# Ebola Facts - Data Sheet



## RNprepper (Apr 5, 2014)

Ebola virus - Pathogen Safety Data Sheets

If you read through this data sheet, you will see that Ebola has already been in the U.S. - two outbreaks from infected monkeys from the Phillipines. And yes, your alcohol based hand gel will kill it, as will bleach and a variety of other disinfectants.

Personally, I am much more comfortable with a known human case being transported and treated in isolated containment, rather than infected monkeys coming in which could be transported to who knows where - maybe to your local zoo, pet shop, or black market dealer.


----------



## Sharkbait (Feb 9, 2014)

RNprepper said:


> Ebola virus - Pathogen Safety Data Sheets
> 
> If you read through this data sheet, you will see that Ebola has already been in the U.S. - two outbreaks from infected monkeys from the Phillipines. And yes, your alcohol based hand gel will kill it, as will bleach and a variety of other disinfectants.
> 
> Personally, I am much more comfortable with a known human case being transported and treated in isolated containment, rather than infected monkeys coming in which could be transported to who knows where - maybe to your local zoo, pet shop, or black market dealer.


What is your thoughts on this particular strain,seeing that it is not the Zaire strain?This strain has been reported (I forget where,as i've read up so much on ebola in the last couple days on so many different sites that my head is spinning,lol) to be only 97% of a strain that we are familiar with,but the medical professionals don't know what is different about the "other 3%" mutation.

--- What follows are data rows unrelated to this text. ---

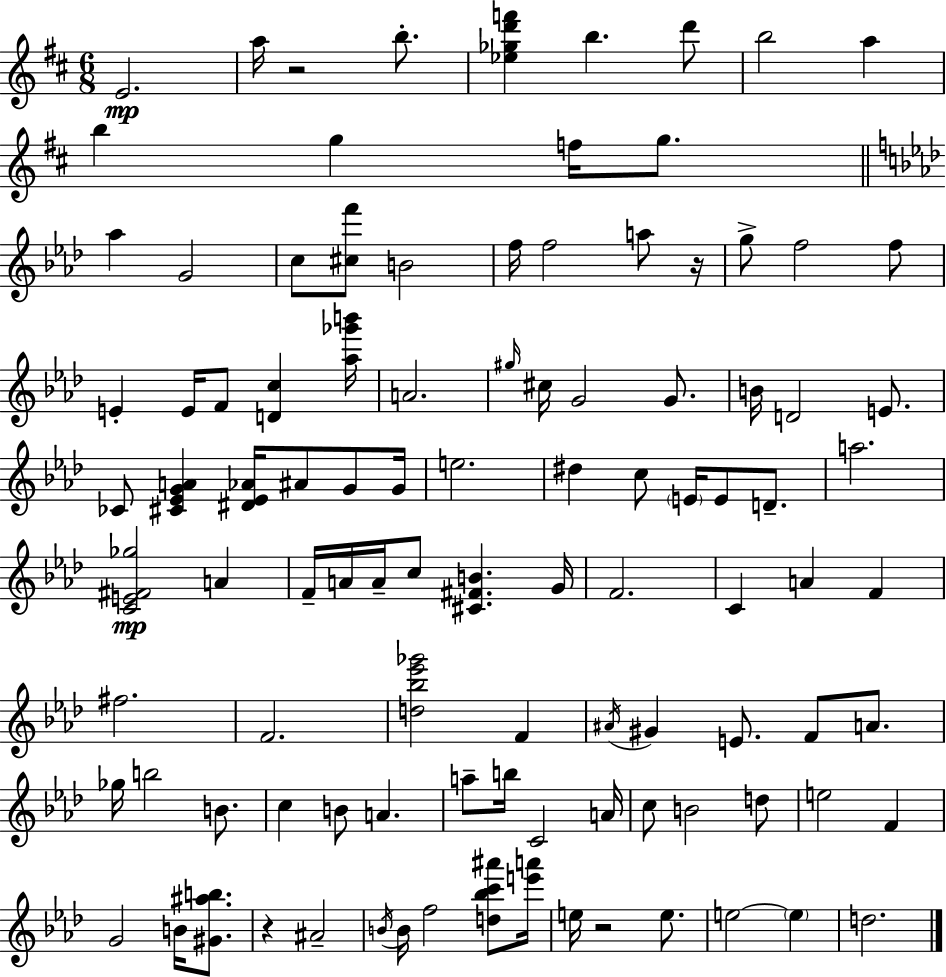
E4/h. A5/s R/h B5/e. [Eb5,Gb5,D6,F6]/q B5/q. D6/e B5/h A5/q B5/q G5/q F5/s G5/e. Ab5/q G4/h C5/e [C#5,F6]/e B4/h F5/s F5/h A5/e R/s G5/e F5/h F5/e E4/q E4/s F4/e [D4,C5]/q [Ab5,Gb6,B6]/s A4/h. G#5/s C#5/s G4/h G4/e. B4/s D4/h E4/e. CES4/e [C#4,Eb4,G4,A4]/q [D#4,Eb4,Ab4]/s A#4/e G4/e G4/s E5/h. D#5/q C5/e E4/s E4/e D4/e. A5/h. [C4,E4,F#4,Gb5]/h A4/q F4/s A4/s A4/s C5/e [C#4,F#4,B4]/q. G4/s F4/h. C4/q A4/q F4/q F#5/h. F4/h. [D5,Bb5,Eb6,Gb6]/h F4/q A#4/s G#4/q E4/e. F4/e A4/e. Gb5/s B5/h B4/e. C5/q B4/e A4/q. A5/e B5/s C4/h A4/s C5/e B4/h D5/e E5/h F4/q G4/h B4/s [G#4,A#5,B5]/e. R/q A#4/h B4/s B4/s F5/h [D5,Bb5,C6,A#6]/e [E6,A6]/s E5/s R/h E5/e. E5/h E5/q D5/h.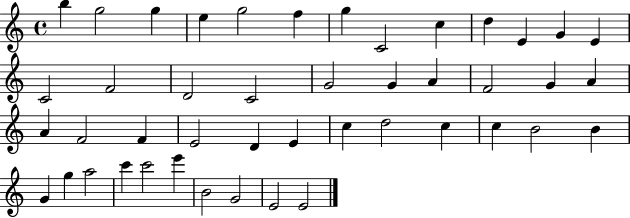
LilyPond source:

{
  \clef treble
  \time 4/4
  \defaultTimeSignature
  \key c \major
  b''4 g''2 g''4 | e''4 g''2 f''4 | g''4 c'2 c''4 | d''4 e'4 g'4 e'4 | \break c'2 f'2 | d'2 c'2 | g'2 g'4 a'4 | f'2 g'4 a'4 | \break a'4 f'2 f'4 | e'2 d'4 e'4 | c''4 d''2 c''4 | c''4 b'2 b'4 | \break g'4 g''4 a''2 | c'''4 c'''2 e'''4 | b'2 g'2 | e'2 e'2 | \break \bar "|."
}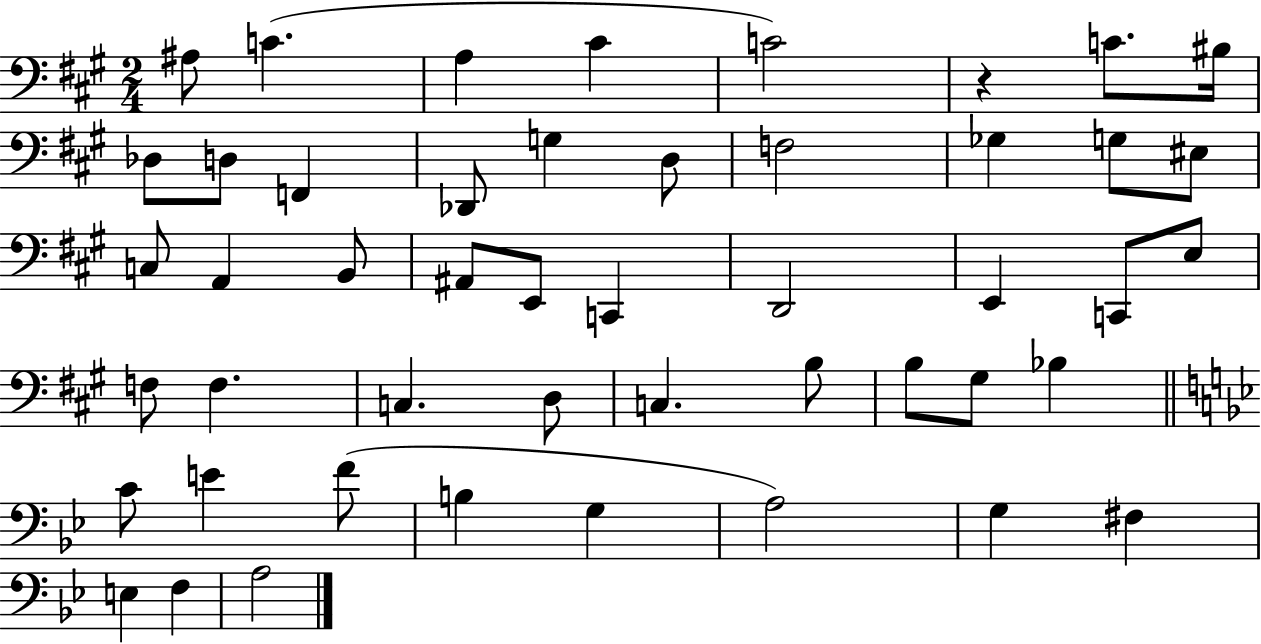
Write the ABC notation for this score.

X:1
T:Untitled
M:2/4
L:1/4
K:A
^A,/2 C A, ^C C2 z C/2 ^B,/4 _D,/2 D,/2 F,, _D,,/2 G, D,/2 F,2 _G, G,/2 ^E,/2 C,/2 A,, B,,/2 ^A,,/2 E,,/2 C,, D,,2 E,, C,,/2 E,/2 F,/2 F, C, D,/2 C, B,/2 B,/2 ^G,/2 _B, C/2 E F/2 B, G, A,2 G, ^F, E, F, A,2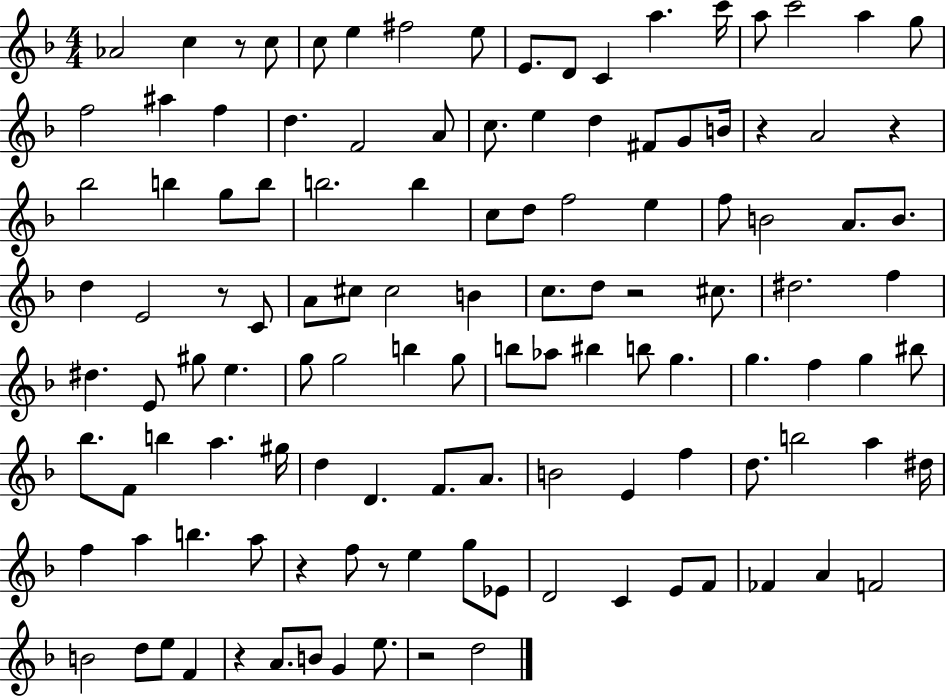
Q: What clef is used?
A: treble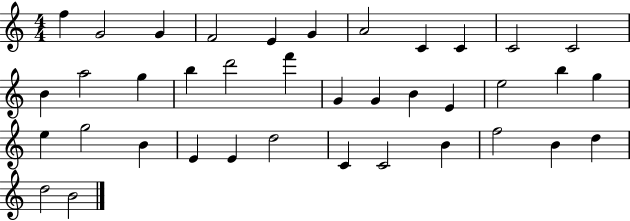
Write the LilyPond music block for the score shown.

{
  \clef treble
  \numericTimeSignature
  \time 4/4
  \key c \major
  f''4 g'2 g'4 | f'2 e'4 g'4 | a'2 c'4 c'4 | c'2 c'2 | \break b'4 a''2 g''4 | b''4 d'''2 f'''4 | g'4 g'4 b'4 e'4 | e''2 b''4 g''4 | \break e''4 g''2 b'4 | e'4 e'4 d''2 | c'4 c'2 b'4 | f''2 b'4 d''4 | \break d''2 b'2 | \bar "|."
}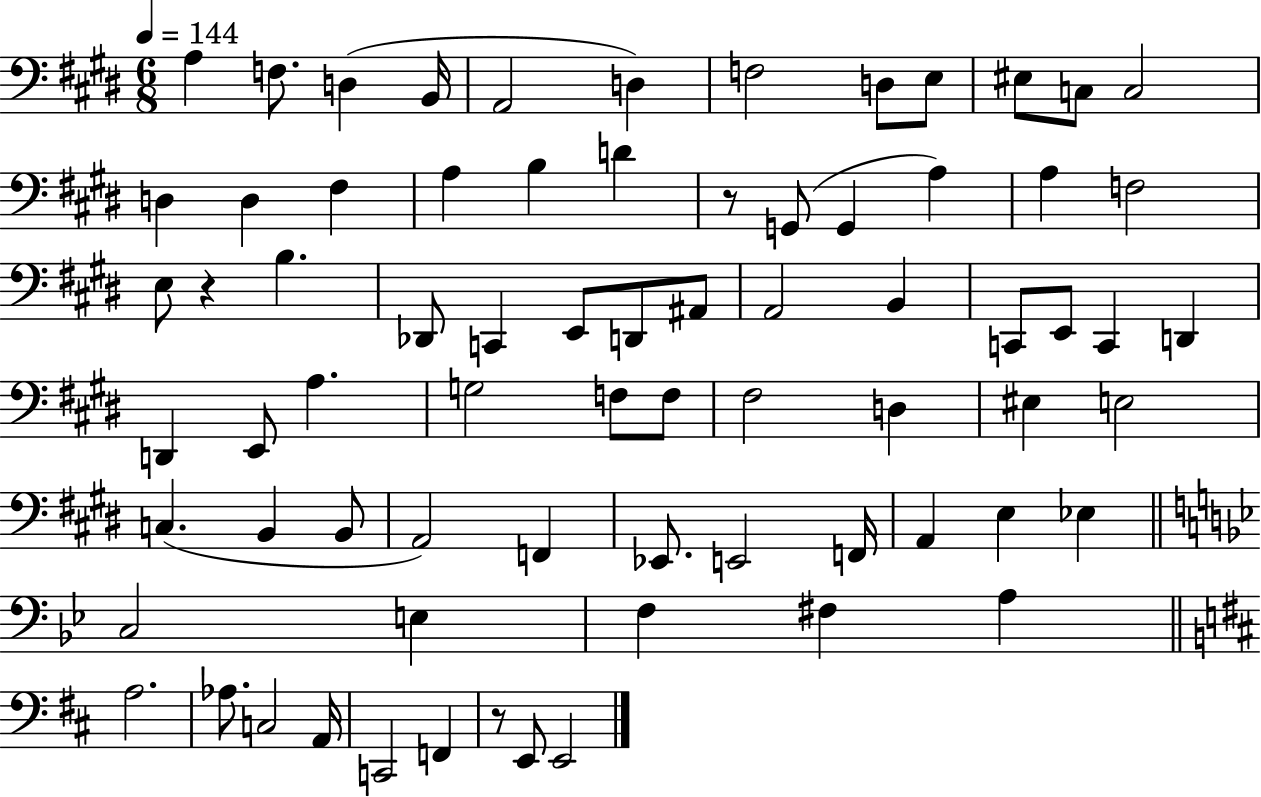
{
  \clef bass
  \numericTimeSignature
  \time 6/8
  \key e \major
  \tempo 4 = 144
  a4 f8. d4( b,16 | a,2 d4) | f2 d8 e8 | eis8 c8 c2 | \break d4 d4 fis4 | a4 b4 d'4 | r8 g,8( g,4 a4) | a4 f2 | \break e8 r4 b4. | des,8 c,4 e,8 d,8 ais,8 | a,2 b,4 | c,8 e,8 c,4 d,4 | \break d,4 e,8 a4. | g2 f8 f8 | fis2 d4 | eis4 e2 | \break c4.( b,4 b,8 | a,2) f,4 | ees,8. e,2 f,16 | a,4 e4 ees4 | \break \bar "||" \break \key bes \major c2 e4 | f4 fis4 a4 | \bar "||" \break \key b \minor a2. | aes8. c2 a,16 | c,2 f,4 | r8 e,8 e,2 | \break \bar "|."
}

I value your expertise on this,however,several statements you've made are contradicted more than once though.Two of them being the direct contact-i've read from several sources saying that a sneeze can "atomize" and travel quite far,keeping the particals/droplets suspended for a good while (I do understand that larger droplets will fall out of the air faster than smaller atomized ones).

And second-contact time.I've also read that contaminated fluids can stay infectious on surfaces even long after they have dried (i've read everywhere from a short time frame of an hour or two to staying active for days,including up to a couple weeks.

Just this morning Dr.Sanjay Gupta has announced that he believes this will go "world wide".

Oh yeah,I almost forgot,it's also been posted on several sites that this strain is or can be resistant to alcohol based sanitizers and that bleach and chlorine are the the preferred methods for sterilizing.

I too am less concerned overall with these cases being isolated and in a controlled enviroment,but as long a the human factor is still involved,I can also see where errors and misjudgments can be the most concerning issues that I personally fear.I guess i'm saying that the Drs. over there (the two dead ones and the two sick ones) used all precautions as well,but they still contracted it.However,I do agree that their risk was much higher since they dealt with it on a daily basis and in under less than ideal conditions.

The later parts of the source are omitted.